By Inkoo Kang | Women and Hollywood July 30, 2014 at 3:00PM
Anna May Wong, Hollywood's first Chinese-American star, never got her due. After attracting notice as a slave in the 1924 Douglas Fairbanks swashbuckler film The Thief of Bagdad, she became a fashion plate and the go-to actress for every Evil Oriental Temptress role the studios had to offer. California's anti-miscegenation laws prevented her from kissing any co-star of another race, and thus Wong was stymied in her acting career until she left for Europe, where she had made a handful of films in the late twenties and early thirties.
The biggest disappointment of Wong's career occurred in 1935, when she was passed over for the female lead in Pearl S. Buck's The Good Earth. German actress Luise Rainier was cast instead to play the Chinese farmer O-Lan, and later rewarded for playing yellowface with a Best Actress Oscar. (Good job, Hollywood.)
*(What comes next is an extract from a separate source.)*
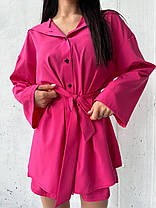 Літній жіночий легкий костюм сорочка вільного крою з капюшоном та шорти софт Dv5485, фото 4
Born and raised in Los Angeles but never fully accepted by its most powerful industry, Wong has a life story ripe for a biopic. And so Chinese production company Fundamental Films is developing one, with Chinese star Fan Bingbing in talks to play the lead. Given that Wong's career exemplifies the difficulties of Asian-American actors in finding opportunities in Hollywood -- a problem that evidently continues in today's studio system -- it's a little disappointing that her story will be told in China instead of her own country and that this rich role won't go to one of Wong's Asian-American successors. But nobody ever said we fixed racism.